Women's Equality Party's Sophie Walker vs Conservative MP Philip Davies
Pro-equal pay politician plans to challenge the men's rights MP who once tried to block a law protecting women from domestic violence
Women's Equality Party leader Sophie Walker plans to stand against Tory MP Philip Davies in the coming general election, saying he is a "sexist misogynist" – and other opposition parties have said they may leave her a clear field for the fight.
Who is Sophie Walker?
Walker is a journalist-turned-politician who spent much of her career with Reuters news agency. She was unanimously chosen to be the first leader of the Women's Equality Party (WEP) when it was created in 2015 and stood as its candidate in the 2016 London mayoral election.
At the weekend Walker announced she will stand for election in Shipley, West Yorkshire, where Davies has a majority of more than 9,000. According to The Guardian, the Green party and Liberal Democrats are considering not fielding a candidate to give Walker a better chance of winning.
Who is Philip Davies?
Davies has been Tory MP for Shipley since 2005. He is currently the Conservatives' most rebellious MP and vowed in his maiden speech to never leave the backbenches in search of promotion.
He came to wider public attention when he was elected to the select committee on women and equalities late last year, despite being a "vocal critic of political correctness and 'zealous' feminism" who had appeared at a conference put on by the anti-feminist Justice for Men and Boys party, according to the BBC.
Davies used one of his first questions in the Commons after joining the committee to appeal for the word "women" to be dropped from the name of the committee, said The Independent.
He made the headlines again in February when he tried to stop the Commons signing the UK up to a convention on preventing domestic violence, on the grounds that it did not refer to possible violence against men. Davies spoke for a 91-minute filibuster to try to block the bill, but failed.
What does Walker say?
Announcing her candidacy yesterday, Walker told The Guardian: "Philip Davies basically is a sexist misogynist who puts his own ego ahead of his constituents."
She accused him of "attention-seeking" and said his "anti-equality agenda" threatens the rights and freedoms not just of women but other minority groups.
What does Davies say?
Saying he was happy to let the people of Shipley decide who they wanted to represent them, Davies added: "I have consistently asked Sophie Walker to quote just one thing I have ever said which has asked for a woman to be treated less favourably than a man, and she hasn't been able to find even one quote from the 12 years I have spent in parliament."
Is Davies an anti-feminist?
Davies insists he is not against women's equality – but is "wholly opposed" to positive discrimination.
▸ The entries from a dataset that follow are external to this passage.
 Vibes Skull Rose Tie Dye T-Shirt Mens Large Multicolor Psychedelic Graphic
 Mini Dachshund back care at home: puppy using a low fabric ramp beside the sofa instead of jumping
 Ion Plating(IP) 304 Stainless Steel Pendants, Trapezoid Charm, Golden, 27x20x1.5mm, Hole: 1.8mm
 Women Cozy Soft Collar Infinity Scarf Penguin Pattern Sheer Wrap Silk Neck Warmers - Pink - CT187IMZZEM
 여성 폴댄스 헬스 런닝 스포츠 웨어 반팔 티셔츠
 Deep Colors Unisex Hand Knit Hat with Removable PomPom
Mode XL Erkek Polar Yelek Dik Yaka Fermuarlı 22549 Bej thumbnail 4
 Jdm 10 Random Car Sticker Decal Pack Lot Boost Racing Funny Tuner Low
Earlier this year, he told the New Statesman: "I accept that people in the past have been discriminated against. To my mind, the solution is to stop the discrimination. The solution for me can never be to then start discriminating against other people."
Davies told the New Statesman that if a feminist could be defined as someone who calls "for men and women to be treated equally" then he would call himself a feminist. He has repeatedly objected to being described as a "men's rights activist", saying he is "not interested" in that movement.
Can Walker beat Davies?
Davies has a healthy majority so the odds are against Walker and she will face all the resistance any candidate 'parachuting' in from London might expect.
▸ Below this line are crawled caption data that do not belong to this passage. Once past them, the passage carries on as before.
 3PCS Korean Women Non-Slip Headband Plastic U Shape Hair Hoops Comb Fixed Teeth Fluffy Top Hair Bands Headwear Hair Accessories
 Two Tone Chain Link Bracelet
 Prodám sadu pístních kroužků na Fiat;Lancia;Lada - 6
Her stance on the EU will not help: a majority of Shipley voters chose to leave the union. Walker is staunchly pro-remain, while Davies is a fierce Europhobe.
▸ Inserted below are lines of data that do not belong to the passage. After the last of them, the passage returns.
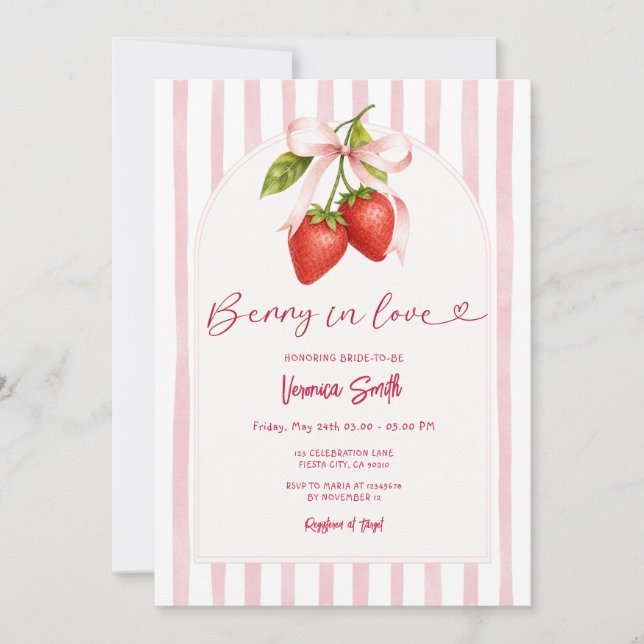 Jordgubbs Bröllopsdusch Berry in Love Rosa Randig Inbjudningar (Framsida)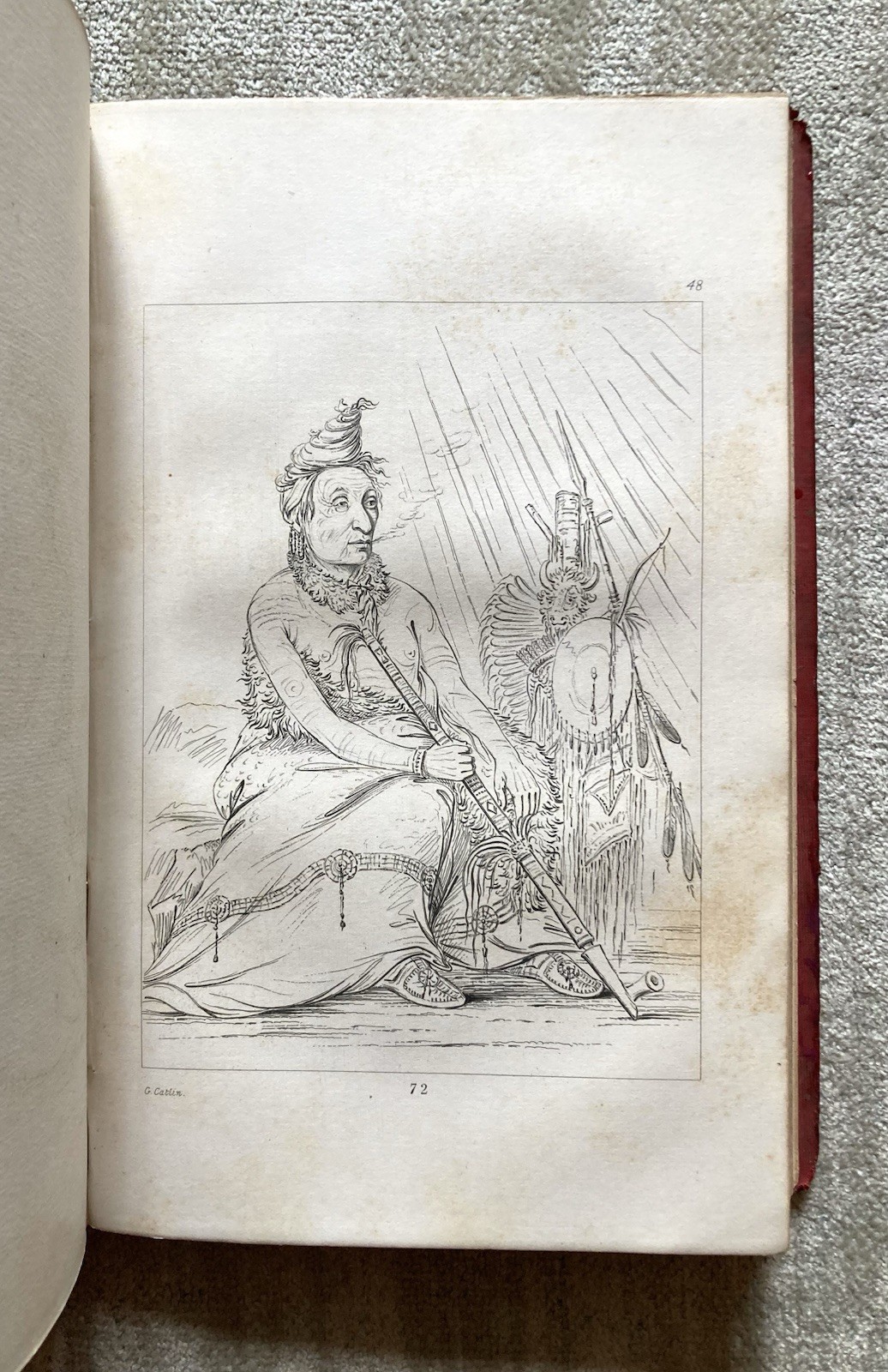 Antique Book, Catlin’s North American Indians, Vol. 1, 1857, Illus., Poor-Fair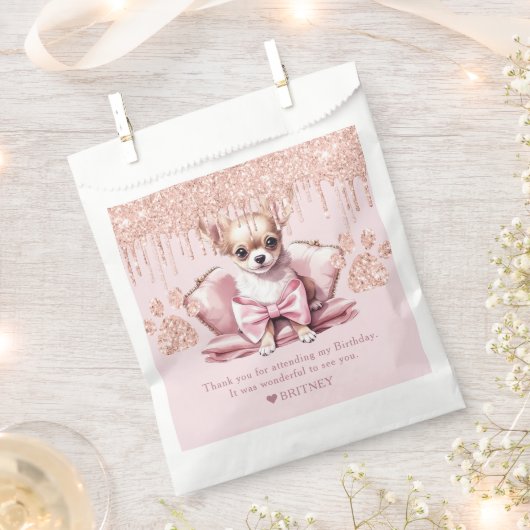 Gepersonaliseerde Chihuahua Hond met Glitter Verja Bedankzakje (Geknipt)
What will happen if Davies retains his seat?
According to one of his – feminist – colleagues on the women and equalities committee, the attention Davies is getting for his politically incorrect views will not have an impact. Labour MP Jess Phillips said: "He will have little effect [on the committee], much like in the rest of his career."
And, speaking to the New Statesman, Davies himself admitted: "I think on the whole, in broad terms, the Labour party, the left in politics, has won, really. The left in politics has won."